Variations & Substitutions
- Nuts: Add chopped nuts like almonds or walnuts for a crunchy texture.
- Seeds: Sprinkle in some chia or flaxseeds for an extra boost of nutrients.
- Fruits: Swap the blueberries for raspberries, strawberries, or diced apples.
- Dairy-Free: Use almond, coconut, or soy milk to make these cakes dairy-free.

Breakfast Blueberry-Oatmeal Cakes
Ingredients
- 2 cups old-fashioned rolled oats
- 1 teaspoon baking powder
- 1/2 teaspoon cinnamon
- 1/4 teaspoon salt
- 1 cup milk dairy or non-dairy
- 1/2 cup Greek yogurt or applesauce for a dairy-free option
- 1/4 cup honey or maple syrup
- 2 large eggs
- 1 teaspoon vanilla extract
- 1 cup fresh or frozen blueberries
- 1/4 cup chopped nuts optional, such as almonds or walnuts
Instructions
- Preheat Oven: Preheat your oven to 350°F (175°C). Grease a 12-cup muffin tin or line it with paper liners.
- Mix Dry Ingredients: In a large bowl, combine the rolled oats, baking powder, cinnamon, and salt. Stir until evenly mixed.
- Mix Wet Ingredients: In a separate bowl, whisk together the milk, Greek yogurt, honey (or maple syrup), eggs, and vanilla extract until smooth.
- Combine Wet and Dry: Pour the wet mixture into the bowl with the dry ingredients. Stir until the oats are fully coated and the mixture is well combined.
- Add Blueberries: Gently fold in the blueberries and optional chopped nuts.
- Fill Muffin Cups: Divide the mixture evenly among the 12 muffin cups, filling each about 3/4 full.

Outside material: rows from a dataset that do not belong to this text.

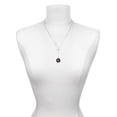 thumbnail image 3 of Delight Jewelry Silvertone Nurse Caduceus Seal - NP Silver tone Elegant Infinity Lariat Necklace, 3 of 4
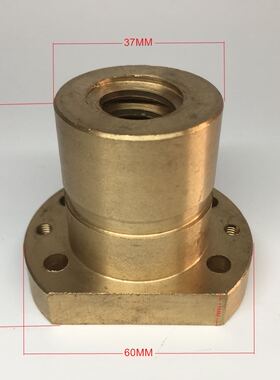 台湾宇青创佳M614手动平面磨床丝杆Y轴前后丝杆铜螺母铜套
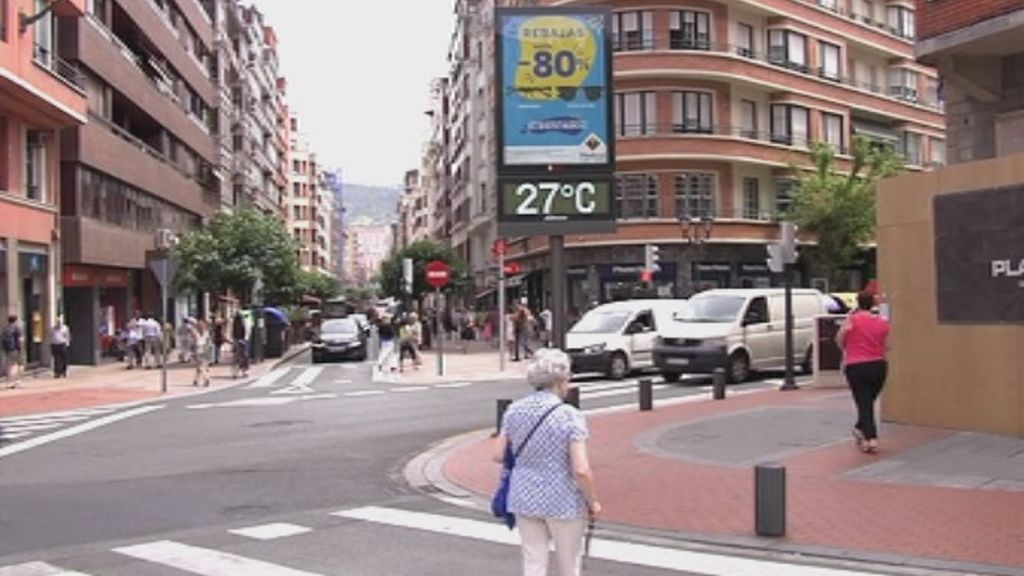 Ola de calor: Temperaturas en el País Vasco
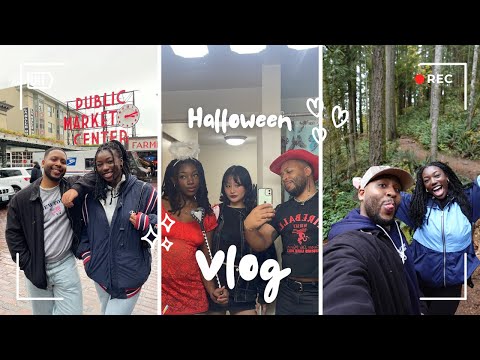A BOY FLEW ACROSS THE COUNTRY FOR ME🤭halloween, exploring Seattle w/ my long distance bestie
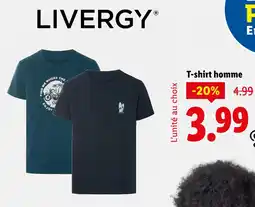 Lidl LIVERGY T-shirt homme offre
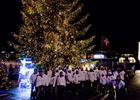 Die Trychler kommen mit dem Schiff zur Illumination z'Lozärn
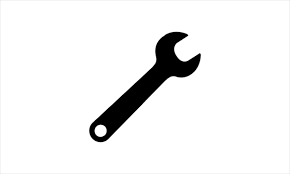 Wrench Metal Spanner Icon Vector Design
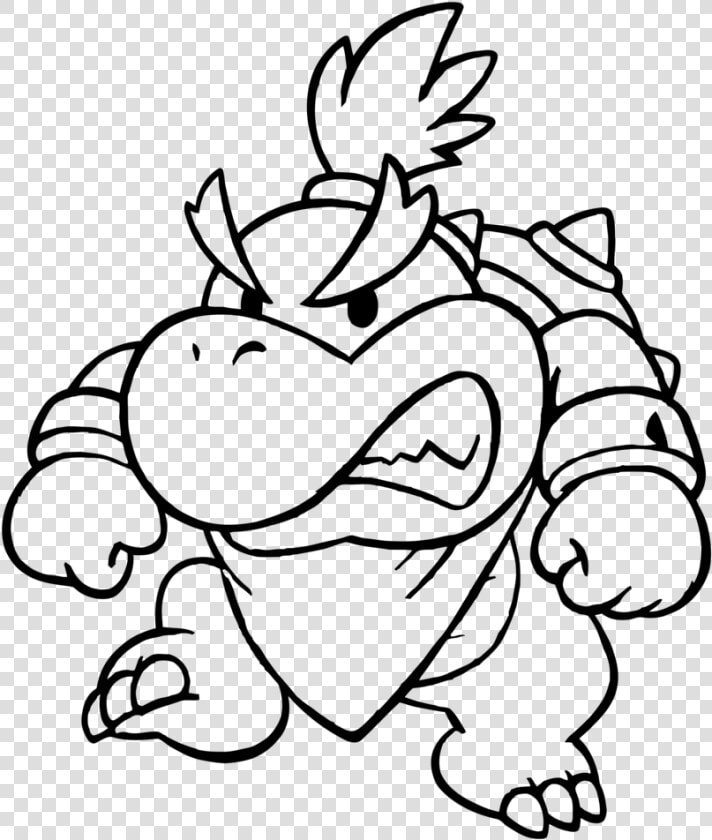 Bowser Jr Coloring Pages   Baby Bowser Coloring Pages  HD Png DownloadTransparent PNG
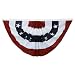 Super Tough Printed Polyester Pleated Fan, 3 by 6-Feet primary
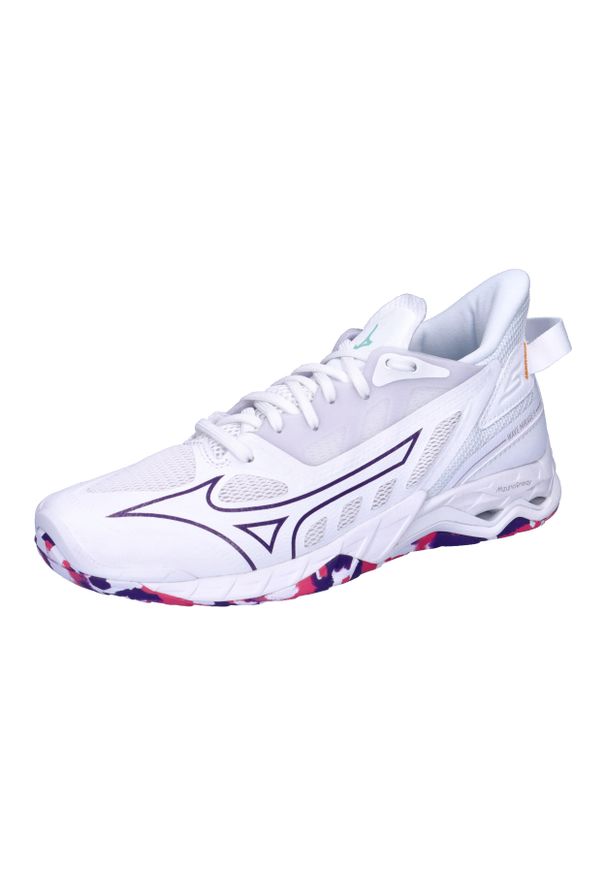 Damskie buty halowe Mizuno Wave Mirage. Kolor: biały. Model: Mizuno Wave. Sport: piłka ręczna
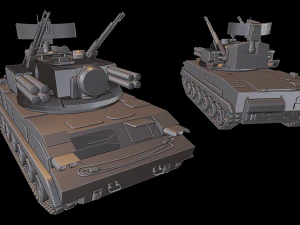 2s6 tunguska tanks 3D Print Model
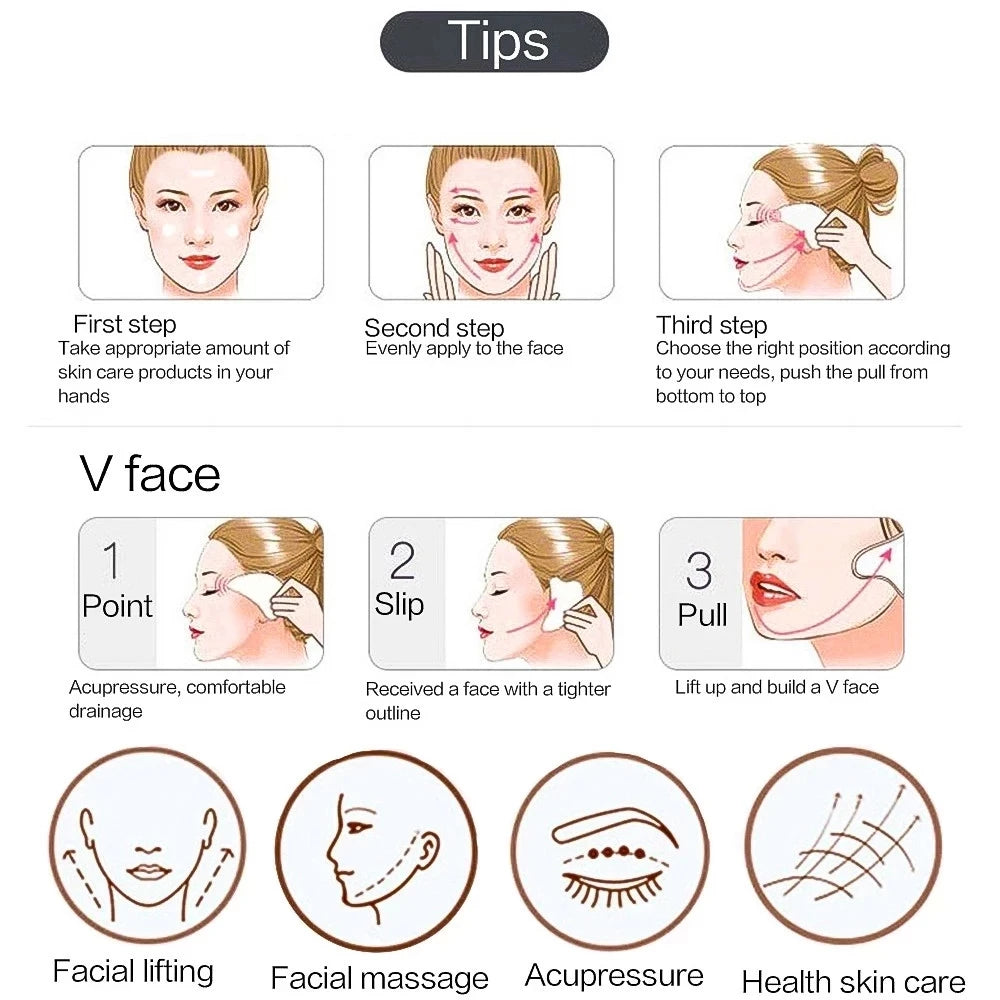 Rose Pink Gua Sha Massage Board for Face Lift - Smarsty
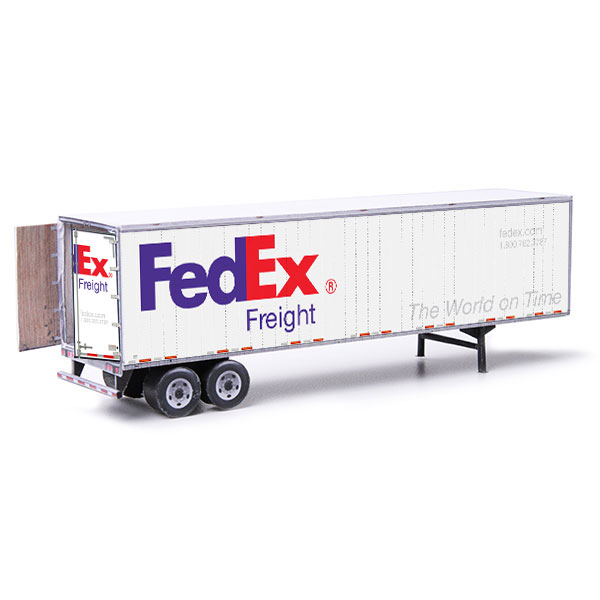 semi-trailer fedex paper model kit railroad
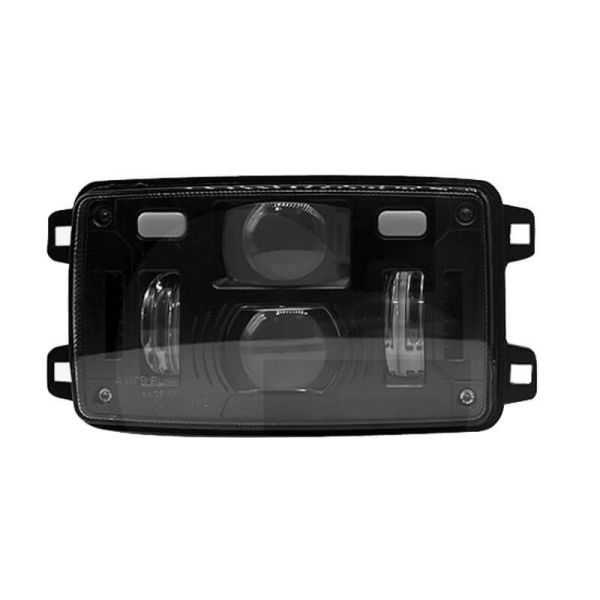 Farol de estrada LED com farol baixo, farol alto e posição H4 John Deere, Massey Ferguson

- Bake: Place the muffin tin in the preheated oven and bake for 25-30 minutes, or until the oatmeal cakes are golden brown and set in the center. A toothpick inserted into the middle should come out clean.
- Cool: Allow the oatmeal cakes to cool in the tin for 5 minutes, then transfer them to a wire rack to cool completely.
- Serve:
- Enjoy your Breakfast Blueberry-Oatmeal Cakes warm or at room temperature. They make a convenient, healthy breakfast or snack on the go! Store any leftovers in an airtight container in the refrigerator for up to 5 days. You can also freeze them for longer storage.